Being of service, though it is how we treat others, is also helpful for our own systems. When we learn how to treat others with compassion and in the attempt to improve the lives of others we often learn much about ourselves and where we might need to apply more compassion inward. Compassion is like a muscle, the more we exercise it, the more it grows and becomes integrated into parts of our lives. If we practice compassionate thoughts, compassionate words become part of our vocabulary. As we speak with compassion, our deeds become compassionate. The more we experience compassion, the more we replicate compassionate behavior. Compassion expands and grows, but it does require discipline.
Yoga is not the goal of perfection. Practicing yoga is not the ultimate recipe for becoming perfectly happy and never experiencing pain or sadness. Yoga is a union. To join all of the parts of ourselves. To realize that we are a whole and complete being that is ever-changing, learning and growing, yet not broken. There can be imbalances and disruptions in parts of ourselves, in the thoughts, in the spiritual layer, in the emotions… but this does not make us broken. There are tools we can use to get to know where these imbalances might be and techniques we can use to guide us to a more balanced “wholeness”. Yoga can guide us to a more balanced life, a more comfortable way of being in this human experience.

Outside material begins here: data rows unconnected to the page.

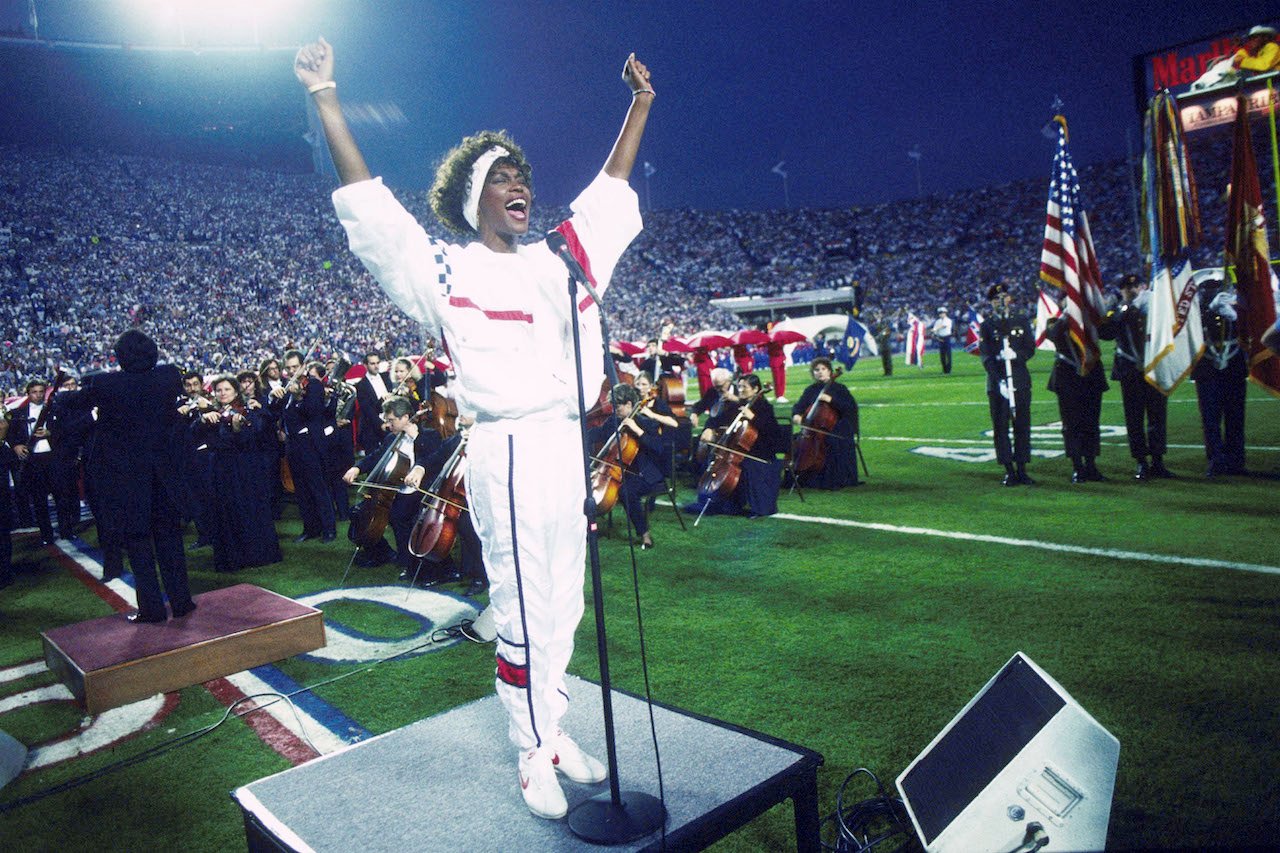Whitney Houston performs at the 1991 Super Bowl Half Time show; Houston's biopic has split fan reactions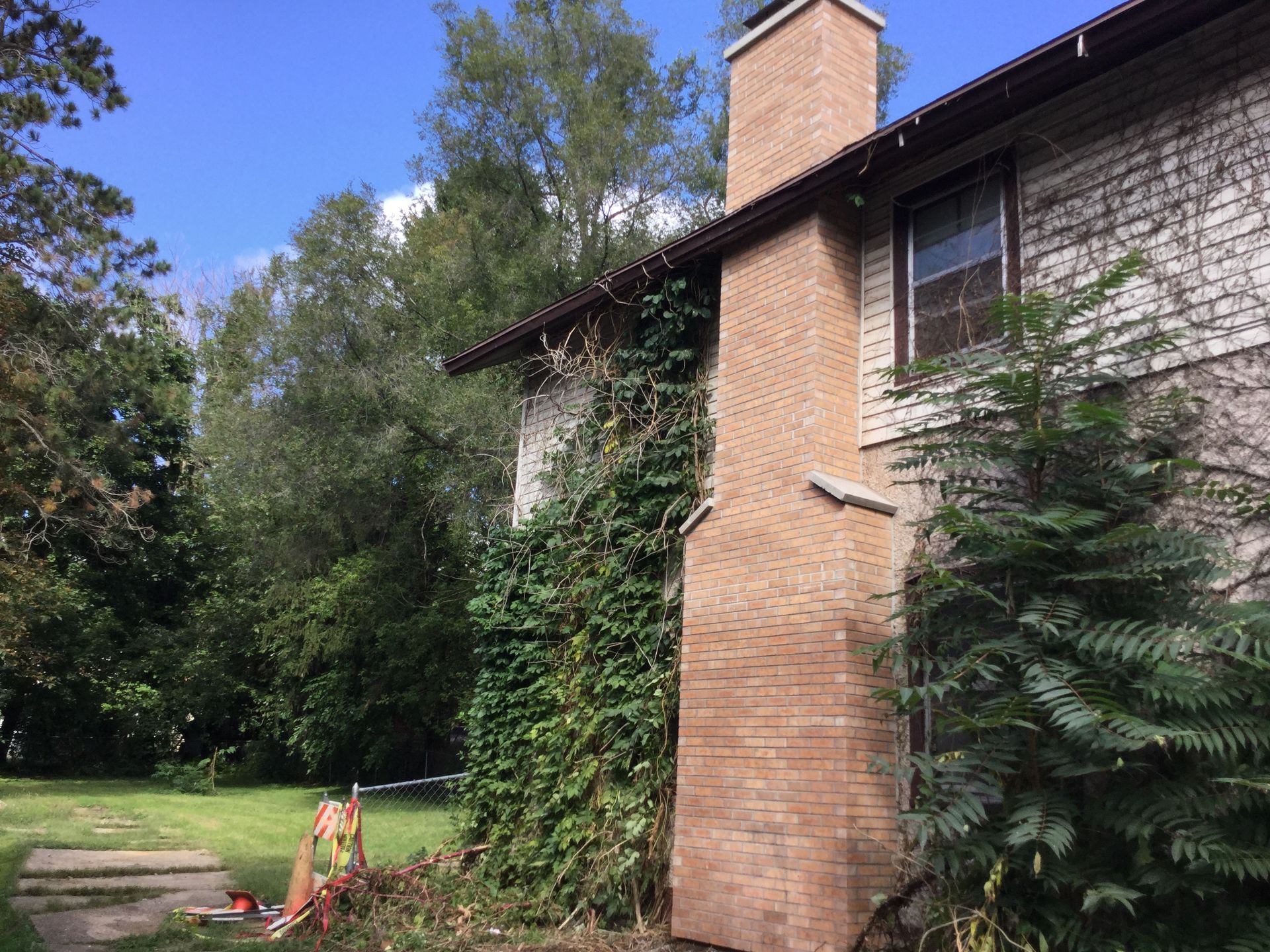 A light brown brick chimney stands against the side of a house, partially covered by climbing vines near a grassy yard.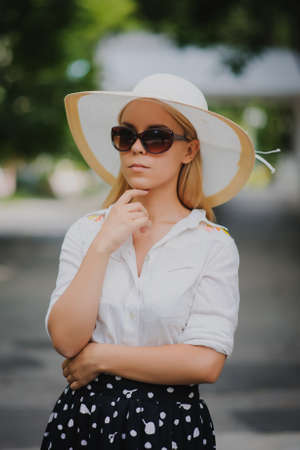 young beautiful sexy woman with white hat and glasses outdoor on green backgroundの写真素材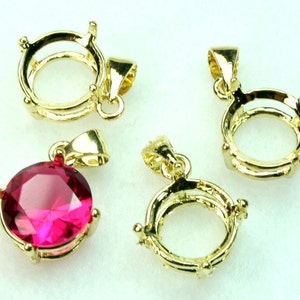 May include: Four gold-tone pendant settings, three are empty and one has a bright pink gemstone.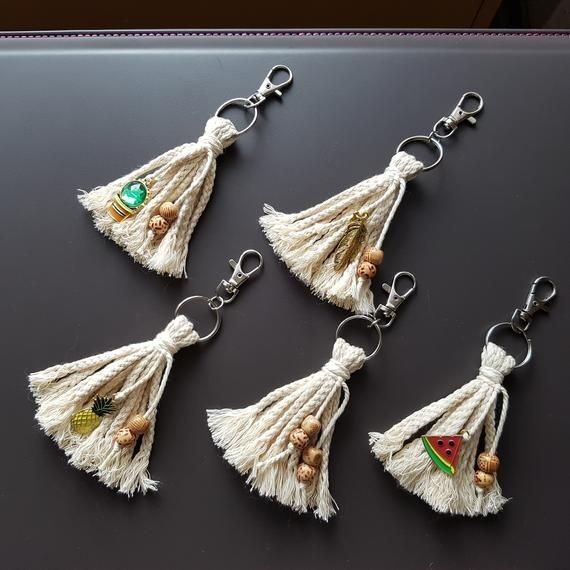 four tasseled keychains with beads and charms hanging from them on a table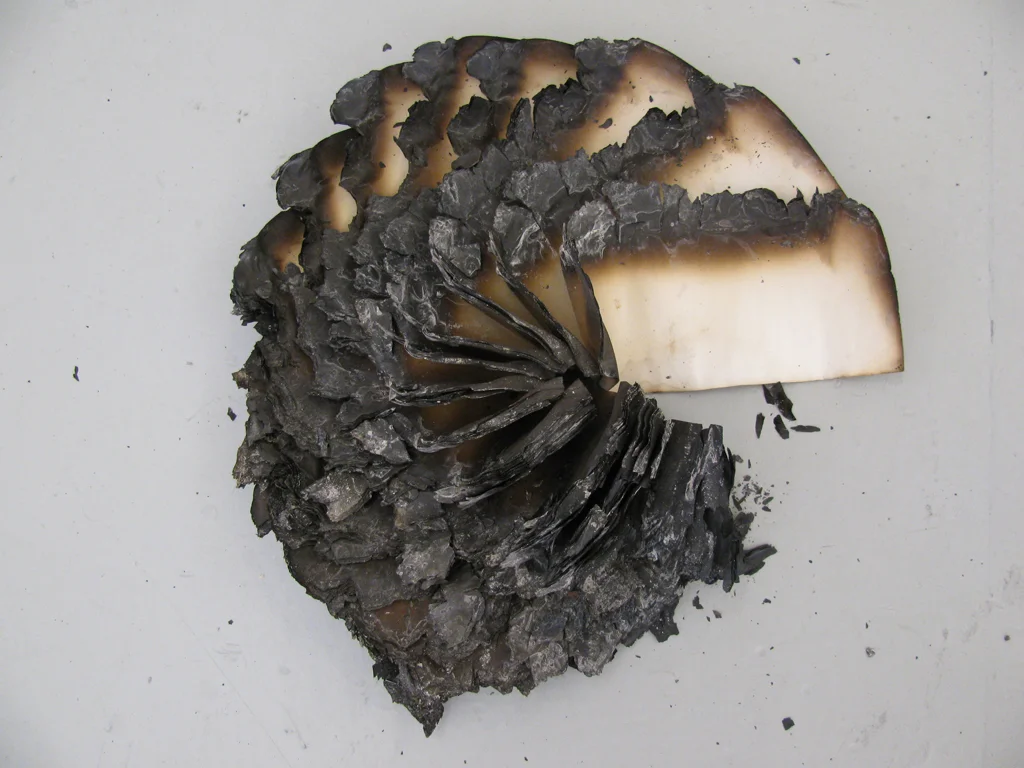 Tales of Former Objecthood, Tiny Relics 1, 2010, Paper, fire, 2x7x7 inches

It can be helpful to see these teachings as helpful guides that we can refer back to over and over. Think about the physical practice of tree pose. It teaches us to balance in our physical body, how balance requires attention not only to our muscles but to our breath, our mind, and our feelings. We balance in tree pose, we wobble, we fall, we try again. Often we learn more about the pose and what is happening in the whole system on the days when we wobble and fall. The object of practicing these concepts in our lives is not to achieve perfection but to notice when we wobble, revisit what we might like to try different, and try again.
These ethical guides need not be harsh rules by which we judge ourselves or others. The general idea is to Bee Kinder to ourselves and Kinder to each other and the world will flow a lot more harmoniously!